When you take out a loan for a car, charge something to your credit card, or get a personal line of credit, there is going to be an interest rate that applies to your loan.

A lot of different factors go into what you will be charged, including your own personal credit score. But even those with flawless credit still see a minimum charge that they can't get around. That all goes back to the Federal Funds Rate.

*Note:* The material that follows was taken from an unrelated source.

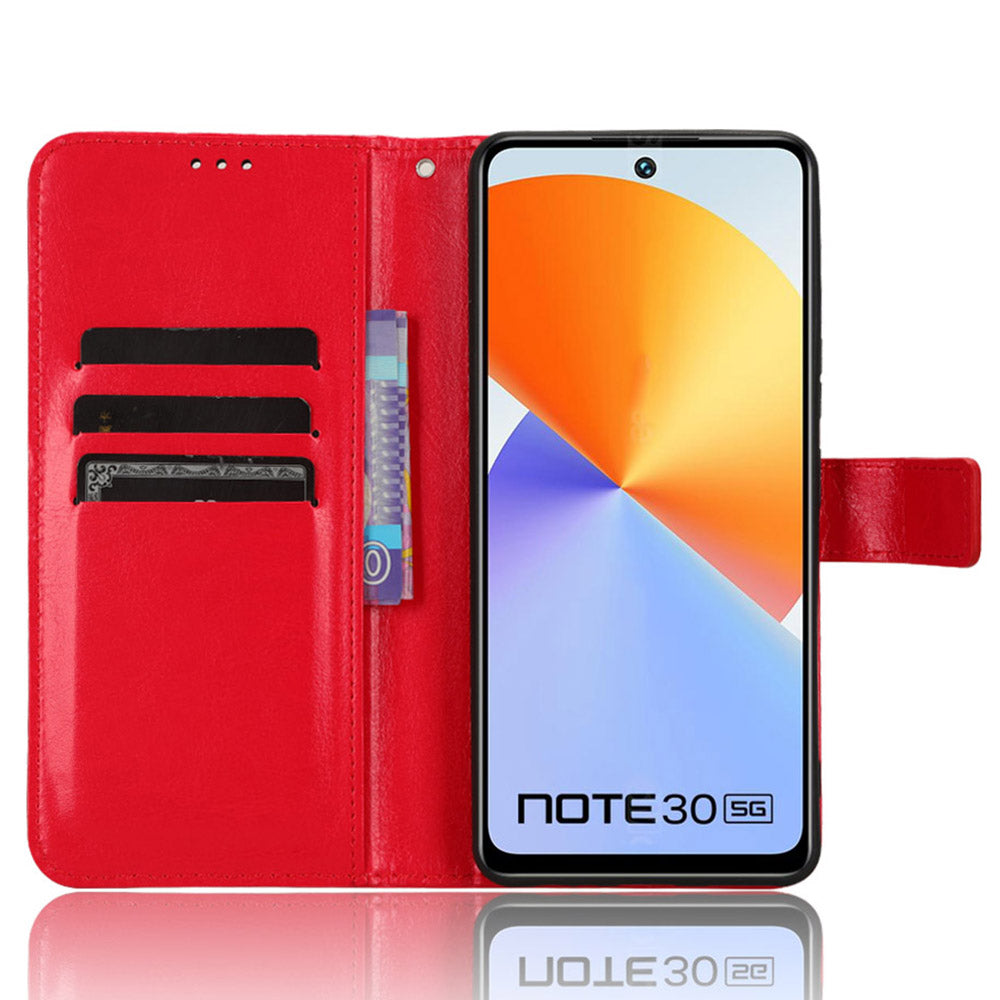 For Infinix Note 30 5G X6711 Crazy Horse Texture Phone Case PU Leather Flip Stand Wallet Cover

One thing consumers rarely realize is that all of our banks are lending money to each other every night. Banks are legally required to maintain a certain percentage of their deposits in non-interest-bearing accounts at the Federal Reserve to ensure they have enough money to cover any withdrawals that may unexpectedly come up. However, deposits can fluctuate and it's very common for some banks to exceed the requirement on certain days while some fall short. In cases like this, banks actually lend each other money to ensure they meet the minimum balance. It's a bit hard to imagine these multibillion-dollar financial institutions needing to borrow money to tide them over for a bit, but it happens every single night at the Federal Reserve. It's also a nice deal for those with balances above the reserve balance requirement to earn a bit of money with cash that would normally just be sitting there.

The Federal Reserve The Federal Reserve


The exact interest rate the banks will charge each other is a matter of negotiation between them, but the Federal Open Market Committee (FOMC) (the arm of the Federal Reserve that sets monetary policy) meets eight times a year to set a target rate. They evaluate a multitude of economic indicators including unemployment, inflation, and consumer confidence to decide the best rate to keep the country in business. The weighted average of all interest rates across these interbank loans is the effective federal funds rate.

This rate has a huge impact on the economy overall as well as your personal finances. The federal funds rate is essentially the cheapest money available to a bank and that feeds into all of the other loans they make. Banks will add a slight upcharge to the rate set by the Fed to determine what is the lowest interest that they will announce for their most creditworthy customers, also known as the prime rate. If you have a variable interest rate loan (very common with credit cards and some student loans), it's likely that the interest rate you pay is a set percentage on top of that prime rate that your lender is paying. That's why in times of low interest rates (it was set at 0% during the Great Recession), a lot of borrowers should go for fixed interest rate loans that won't increase. However, if the federal funds rate was relatively high (it went up to 20% in the early 1980's), a variable interest rate loan may be a better decision as you would be charged less interest should the rate drop without the need to refinance.

The federal funds rate also has a major impact on your investment portfolio. The stock market reacts very strongly to any changes in interest rates from the Federal Reserve, as a lower rate makes it cheaper for companies to borrow and reinvest while a higher rate may restrict capital and slow short-term growth. If you have a significant portion of your investments in equities, a small change in the federal funds rate can have a large impact on your net worth.